Lambda invoke refers to the act of triggering the execution of an AWS Lambda function. AWS Lambda is a serverless computing service provided by Amazon Web Services (AWS) that allows you to run code without provisioning or managing servers. Generally is the ideal way to achieve ISC.
async thisIsAnExampleLambdaInvokeFunction(req) {
const response = JSON.parse(
(
await lambda
.invoke({
FunctionName: process.env.NAME\_OF\_YOUR\_LAMBDA\_FUNCTION,
Payload: JSON.stringify({
data: req,
}),
})
.promise()
).Payload as string
);
}
Inter Service Communication in case of Lambda Invoke
- When we refer to API Gateway being invoked by the Request or Axios library, it means making HTTP requests to an API Gateway endpoint using these libraries as a means of communication. In the context of API Gateway, you can configure it to act as a front-end for your APIs, providing a centralized entry point for clients to interact with your backend services.

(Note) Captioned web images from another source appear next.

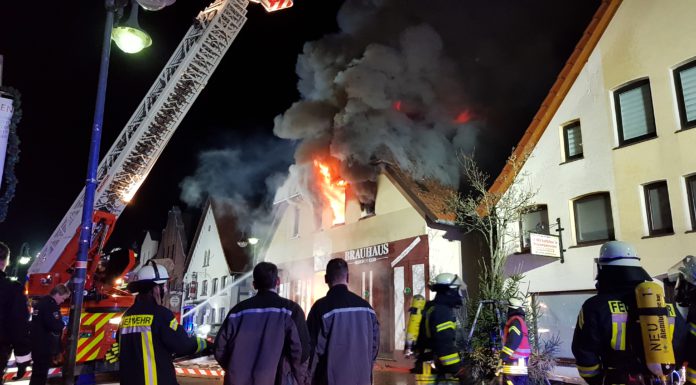 Brand in einem Wohn- und Geschäftshaus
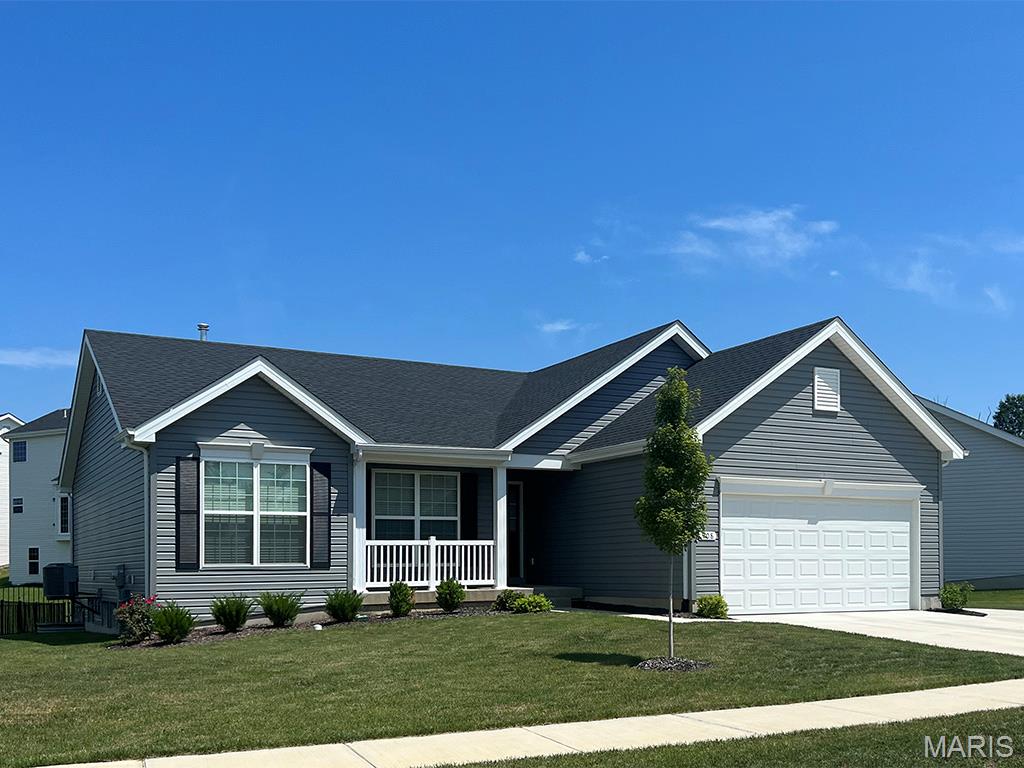 1057 Bloomfield Drive — photo 1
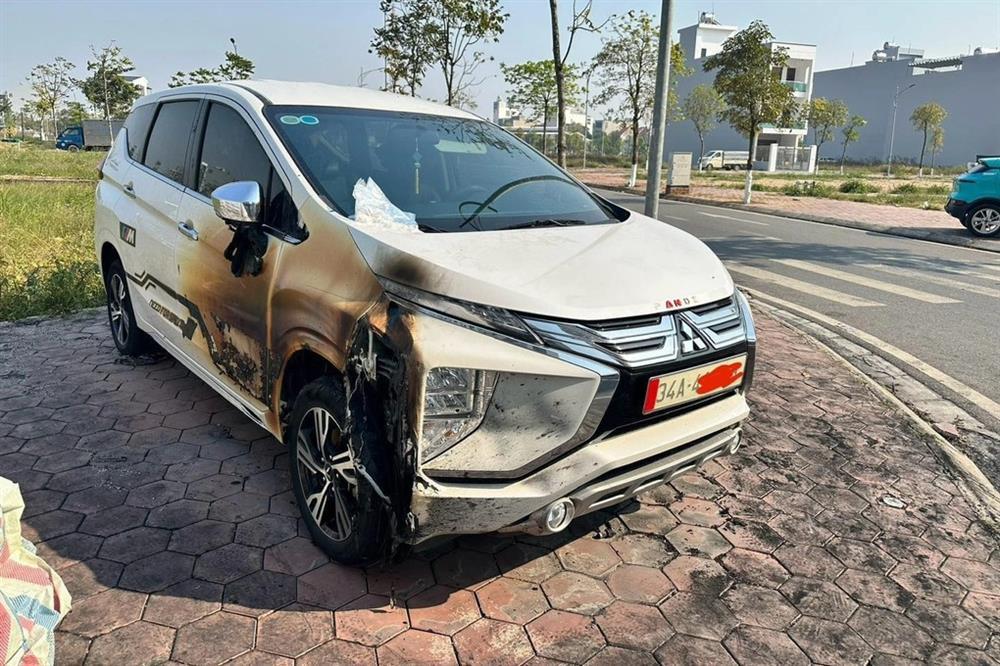 Công an vào cuộc vụ ô tô cháy bất thường tại khu dân cư ở Hải Dương-3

async thisIsAnExampleAPIGateWayRequest(req:any): Promise<any\> {
const response= (
await Axios.post(
this.serverUrl + Config.YOUR\_RESOURCE\_PATH.path,
{
data: req,
},
{
headers: {
Authorization: config.get('AUTH\_TOKEN'), // If required
},
}
)
).data;
return response;
}
Inservice Communication in case of Request / Axios via API Gateway
Indeed, it is evident that API Gateway introduces additional overhead in the case of Inter-Service Communication (ISC). While API Gateway provides valuable features for API management, security, and scalability, it does add an extra network hop and associated latency compared to the direct invocation of Lambda functions. This overhead can impact the overall performance and latency of inter-service communication.
A summarized comparison table between Lambda direct invocation and API Gateway with a request library for cost and latency:
Here is a cost comparison table between Lambda Invoke and Invocation from API Gateway
Let’s do a quick cost estimation:
Assumptions:
Region: Asia Pacific (Mumbai)
Request per month: 50M
Memory allocation: 128MB per execution
Avg Estimated duration: 300ms
Data Transfer : 3 kilobytes (KB)
- Lambda invoke :
Request Cost : 50 * 0.20 ~= $10 / month
- Execution Cost: $31.26 / month
- Total Amazon Lambda charges = $10.00 + $31.26 = $41.26
2. API Gateway Invoke :
- Amazon API Gateway API call charges = 50 million * $3.50/million = $175.0
- Total size of data transfer : 3KB * 50 = 150 million/KB = 143GB
- Amazon API Gateway data transfer charges = 143 GB * $0.09 = $12.9
- Total Amazon API Gateway charges = $175 + $12.9 = $187.9 / month
In conclusion, the choice between Lambda direct invocation and API Gateway with a request library depends on specific considerations related to cost, latency, control, and additional features:
Lambda Direct Invocation is preferable when low latency is a primary concern and when you have direct control over the client making the request. It offers faster response times since there is no additional network hop to reach API Gateway.
API Gateway with a Request Library is advantageous when advanced API management features such as security enforcement, authentication, rate limiting, caching, or request validation are required. API Gateway provides a convenient solution for managing and securing APIs, although it introduces a slightly higher latency due to the additional network hop.